README.md

April 14, 2026 · View on GitHub

llama-panel

A native macOS desktop app for managing and interacting with llama-server instances. Built with Tauri.

llama-panel demo

Features

Download models from HuggingFace -- live search, automatic split-file handling, download progress with ETA
Run multiple servers simultaneously -- each model gets its own random port, manage them all from one place
Auto-detects llama-server -- finds the binary on your PATH or common install locations
Downloads to the standard HuggingFace cache (~/.cache/huggingface/hub/) -- shared with huggingface-cli, LM Studio, and other tools
Open llama-server's built-in web UI in your browser with one click
Configure server options -- context size, GPU layers, flash attention, parallel slots, and more
Tune parameters with interactive sliders and presets (Creative, Balanced, Precise, Deterministic)
Playground for completions and chat with performance metrics
Live server log -- see model loading progress, layer offloading, and errors in real time
Slot monitor with real-time polling

Model Management

Search HuggingFace for GGUF models, download them, and start serving with a few clicks.

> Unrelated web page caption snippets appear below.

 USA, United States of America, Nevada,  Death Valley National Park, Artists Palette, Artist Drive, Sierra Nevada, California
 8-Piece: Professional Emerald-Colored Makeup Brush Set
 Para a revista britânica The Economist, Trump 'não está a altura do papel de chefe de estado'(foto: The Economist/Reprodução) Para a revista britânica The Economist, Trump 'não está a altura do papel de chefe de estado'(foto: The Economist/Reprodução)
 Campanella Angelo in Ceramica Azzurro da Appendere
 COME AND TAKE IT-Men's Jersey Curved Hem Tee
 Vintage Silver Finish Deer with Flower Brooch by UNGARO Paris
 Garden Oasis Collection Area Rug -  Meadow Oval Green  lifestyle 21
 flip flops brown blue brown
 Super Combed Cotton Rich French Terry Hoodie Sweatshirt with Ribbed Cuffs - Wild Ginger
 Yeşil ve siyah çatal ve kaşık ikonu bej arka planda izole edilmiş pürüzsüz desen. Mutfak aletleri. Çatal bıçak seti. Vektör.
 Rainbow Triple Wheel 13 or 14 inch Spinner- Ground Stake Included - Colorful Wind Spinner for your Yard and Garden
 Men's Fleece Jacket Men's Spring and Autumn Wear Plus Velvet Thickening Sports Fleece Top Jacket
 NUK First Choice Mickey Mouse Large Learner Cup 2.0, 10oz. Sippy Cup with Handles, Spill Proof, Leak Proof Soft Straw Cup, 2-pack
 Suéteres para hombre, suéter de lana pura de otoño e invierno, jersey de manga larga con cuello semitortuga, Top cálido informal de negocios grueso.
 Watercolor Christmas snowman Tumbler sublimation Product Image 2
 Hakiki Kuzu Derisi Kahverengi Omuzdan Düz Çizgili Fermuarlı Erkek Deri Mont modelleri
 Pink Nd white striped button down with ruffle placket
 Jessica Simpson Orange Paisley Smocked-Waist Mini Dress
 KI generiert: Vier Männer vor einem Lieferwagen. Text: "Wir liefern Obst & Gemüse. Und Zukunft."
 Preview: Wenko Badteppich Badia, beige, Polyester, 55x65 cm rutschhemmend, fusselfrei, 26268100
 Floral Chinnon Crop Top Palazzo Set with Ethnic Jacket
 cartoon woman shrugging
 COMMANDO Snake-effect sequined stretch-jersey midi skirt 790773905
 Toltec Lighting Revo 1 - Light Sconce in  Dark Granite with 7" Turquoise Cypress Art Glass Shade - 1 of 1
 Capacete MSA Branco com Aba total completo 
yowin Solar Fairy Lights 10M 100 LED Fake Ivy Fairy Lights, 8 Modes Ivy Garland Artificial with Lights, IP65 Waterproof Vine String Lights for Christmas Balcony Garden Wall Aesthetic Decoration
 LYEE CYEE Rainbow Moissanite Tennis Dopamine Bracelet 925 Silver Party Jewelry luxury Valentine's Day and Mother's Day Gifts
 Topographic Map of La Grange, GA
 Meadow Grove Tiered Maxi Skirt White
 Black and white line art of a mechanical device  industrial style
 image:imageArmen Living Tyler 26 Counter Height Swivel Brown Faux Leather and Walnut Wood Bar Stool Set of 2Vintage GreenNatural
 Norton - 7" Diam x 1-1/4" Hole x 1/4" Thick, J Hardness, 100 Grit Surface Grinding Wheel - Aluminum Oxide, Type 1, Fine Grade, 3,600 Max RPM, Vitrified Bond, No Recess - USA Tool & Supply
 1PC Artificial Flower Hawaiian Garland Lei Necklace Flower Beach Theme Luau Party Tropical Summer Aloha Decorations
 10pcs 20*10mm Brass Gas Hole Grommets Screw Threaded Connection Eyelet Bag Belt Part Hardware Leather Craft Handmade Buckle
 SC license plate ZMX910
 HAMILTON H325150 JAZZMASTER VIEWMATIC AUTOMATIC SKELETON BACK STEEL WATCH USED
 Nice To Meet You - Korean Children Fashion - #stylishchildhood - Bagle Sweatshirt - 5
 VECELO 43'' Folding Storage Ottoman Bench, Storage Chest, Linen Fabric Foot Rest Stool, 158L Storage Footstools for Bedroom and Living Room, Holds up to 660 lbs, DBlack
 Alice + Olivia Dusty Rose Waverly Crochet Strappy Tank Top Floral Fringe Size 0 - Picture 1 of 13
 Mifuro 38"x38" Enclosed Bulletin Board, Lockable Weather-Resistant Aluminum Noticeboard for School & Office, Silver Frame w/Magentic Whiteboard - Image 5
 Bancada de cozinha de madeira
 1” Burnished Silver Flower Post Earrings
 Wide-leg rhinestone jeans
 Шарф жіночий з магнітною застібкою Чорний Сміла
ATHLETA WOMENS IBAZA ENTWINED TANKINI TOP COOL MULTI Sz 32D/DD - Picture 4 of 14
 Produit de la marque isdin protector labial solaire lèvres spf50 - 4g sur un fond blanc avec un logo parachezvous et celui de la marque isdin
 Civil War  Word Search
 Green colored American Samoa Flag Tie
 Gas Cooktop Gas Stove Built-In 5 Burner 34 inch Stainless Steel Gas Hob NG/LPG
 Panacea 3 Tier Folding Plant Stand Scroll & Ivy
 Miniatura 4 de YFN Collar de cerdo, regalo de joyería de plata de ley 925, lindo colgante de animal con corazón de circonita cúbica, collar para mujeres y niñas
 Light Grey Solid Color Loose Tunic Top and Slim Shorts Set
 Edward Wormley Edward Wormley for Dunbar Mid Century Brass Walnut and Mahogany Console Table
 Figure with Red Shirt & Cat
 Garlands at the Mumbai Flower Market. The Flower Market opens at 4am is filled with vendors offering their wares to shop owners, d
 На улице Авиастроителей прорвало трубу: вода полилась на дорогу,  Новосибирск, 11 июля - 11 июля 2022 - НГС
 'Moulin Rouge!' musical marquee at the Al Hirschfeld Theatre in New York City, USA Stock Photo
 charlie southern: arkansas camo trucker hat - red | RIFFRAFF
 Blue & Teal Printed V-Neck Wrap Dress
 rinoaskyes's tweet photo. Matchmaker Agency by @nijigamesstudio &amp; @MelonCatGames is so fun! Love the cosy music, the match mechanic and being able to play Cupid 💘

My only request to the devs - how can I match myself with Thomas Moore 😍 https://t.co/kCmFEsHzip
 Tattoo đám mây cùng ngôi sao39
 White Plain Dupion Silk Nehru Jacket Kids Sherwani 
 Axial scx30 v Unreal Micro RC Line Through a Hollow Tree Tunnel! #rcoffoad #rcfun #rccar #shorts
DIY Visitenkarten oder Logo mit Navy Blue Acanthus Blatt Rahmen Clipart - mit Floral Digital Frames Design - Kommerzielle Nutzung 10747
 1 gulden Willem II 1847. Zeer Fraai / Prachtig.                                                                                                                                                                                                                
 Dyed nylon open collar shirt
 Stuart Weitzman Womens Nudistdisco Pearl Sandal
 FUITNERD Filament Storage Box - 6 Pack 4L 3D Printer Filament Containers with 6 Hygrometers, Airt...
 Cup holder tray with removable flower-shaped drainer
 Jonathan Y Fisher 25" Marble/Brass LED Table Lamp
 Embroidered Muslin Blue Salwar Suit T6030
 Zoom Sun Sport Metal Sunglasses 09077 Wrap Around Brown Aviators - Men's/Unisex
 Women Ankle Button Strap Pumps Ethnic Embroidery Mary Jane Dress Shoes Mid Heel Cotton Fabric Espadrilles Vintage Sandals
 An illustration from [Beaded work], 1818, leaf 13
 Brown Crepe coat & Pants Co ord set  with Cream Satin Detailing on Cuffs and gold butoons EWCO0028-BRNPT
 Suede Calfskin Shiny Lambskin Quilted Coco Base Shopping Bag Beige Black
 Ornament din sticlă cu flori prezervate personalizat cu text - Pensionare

Split models (multi-file GGUFs) are detected and downloaded as a bundle automatically.

Model download and serve

Live search -- type to search HuggingFace for GGUF models, see download counts and likes
Smart file picker -- shows available quantizations with file sizes, groups split models into bundles
Download progress -- real-time progress bar with ETA, visible from any tab
Popular model suggestions -- quick-pick chips for Gemma, Qwen, Llama, Mistral, Phi, and more
Multiple servers -- run several models at once, each on its own port. Connect, open in browser, or stop individually

Server Configuration

Configure llama-server options from the Server tab. Settings apply when starting any model.

Server configuration

Context & Memory -- context size, GPU layers, batch size, flash attention
Slots & Parallelism -- parallel slots, slot monitoring, continuous batching
Endpoints & API -- expose properties, enable metrics, listen host
Server log -- live stderr output from the running server process
Running servers list -- see all active servers with stop/open/connect controls

Integrations

OpenCode support – OpenCode can connect directly to your llama-server instance via the integration panel, enabling seamless model management and inference from within the OpenCode IDE.

Integration panel

Install

Homebrew (recommended)

brew tap AlexsJones/llama-panel
brew install llama-panel

This installs the .app bundle to /Applications and a llama-panel command on your PATH.

Download from GitHub Releases

Grab the latest .tar.gz from Releases, extract it, and drag llama-panel.app to /Applications:

tar -xzf llama-panel-v*.tar.gz
mv llama-panel.app /Applications/

From source

Requires Rust and the Tauri CLI:

cargo install tauri-cli
cargo tauri build

The .app bundle will be in target/release/bundle/macos/.

Usage

Launch from Spotlight, the Applications folder, or the command line:

llama-panel

Development

# Install Tauri CLI
cargo install tauri-cli

# Run in dev mode (hot-reload for the UI)
cargo tauri dev

The frontend is vanilla HTML/CSS/JS in ui/ -- no build step required.

License

MIT